Right-wing sentiments are re-emerging, says new guest professor
Old nationalist ideologies are on the rise across Europe, says the new guest professor at the Malmö Institute for Studies of Migration, Diversity and Welfare (MIM).
Ruth Wodak is an emerita distinguished professor previously based in the UK’s Lancaster University. Now living in her home country of Vienna, she will make regular visits to Malmö University to undertake her professorship role.
She explains that the rhetoric which is used against migrants today by the right-wing has similar patterns to the discourse used when the Iron Curtain fell against immigrants coming from Eastern Europe.
The newly appointed Guest Professor in Memory of Willy Brandt, who is still affiliated to her Alma Mater, the University of Vienna, recently published her book, ‘Politics of Fear’.
“In this book I attempt explaining the rise of right-wing populist movements across Europe. Very similar rhetorical patterns are used nowadays against the Syrians as were used against eastern Europeans after the fall of the Iron curtain. Xenophobic discriminatory attitudes have been part and parcel of European identity politics for a long time.
“Currently we observe the coming together of various complex phenomena: the financial crisis, the Eurozone crisis, the Greek crisis, plus disenchantment with politics, and on top of all of that, the flow of refugees escaping from war zones in Syria, Iraq, and so forth.
“We can observe the renationalisation tendencies across Europe, the discourse about protecting our borders and retreating to the nation state in spite of the transnational European Union and all the diverse benefits - apart from sustainable peace - that has brought to many, many people.”
Ruth, who trained as a sociolinguist before moving into discourse studies and communication studies, has a strong interest in identity politics and the phenomena of inclusion and exclusion. During her time at Malmö University she will be teaching and giving a public lecture, ‘Language of Walls’.

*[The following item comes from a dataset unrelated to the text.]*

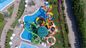 Πάρκο διασκέδασης Μεγάλο εξοπλισμό παιχνιδιού πάνω από την πισίνα Παιδιά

Retreating to old nationalistic tendencies
“Walls have become a symbolic icon of Europe; the building of walls and defending the so-called ‘fortress Europe’. I am also exploring the new kind of body politics, the focus on geographical national territory as a body, which one has to protect and preserve. It is an old nationalist sentiment, which goes back to the 19th century, where nation states were perceived – metaphorically – as human bodies. Thus, one encounters sentiments of disease and penetration linked to migrants, which refer to the conceptual metaphor that nations can be perceived as physical bodies.
“There is a clear change of public opinion of late, which was at first very welcoming, before it shifted suddenly. Now we are confronted with the closing of the Balkan route, the closing of the Austrian borders, the closing of the Swedish borders. This is also linked to the huge pressure, which comes from the extreme right-wing. This is part of my research agenda right now."
Alongside her role at Malmö University, she is also the principal investigator for the research project, ‘Discursive Construction of National Identity - Austria 2015’ at the University of Vienna.
“It is wonderful to be here and a big honour, Willy Brandt was one of my big political heroes. It is a very prestigious appointment for me.”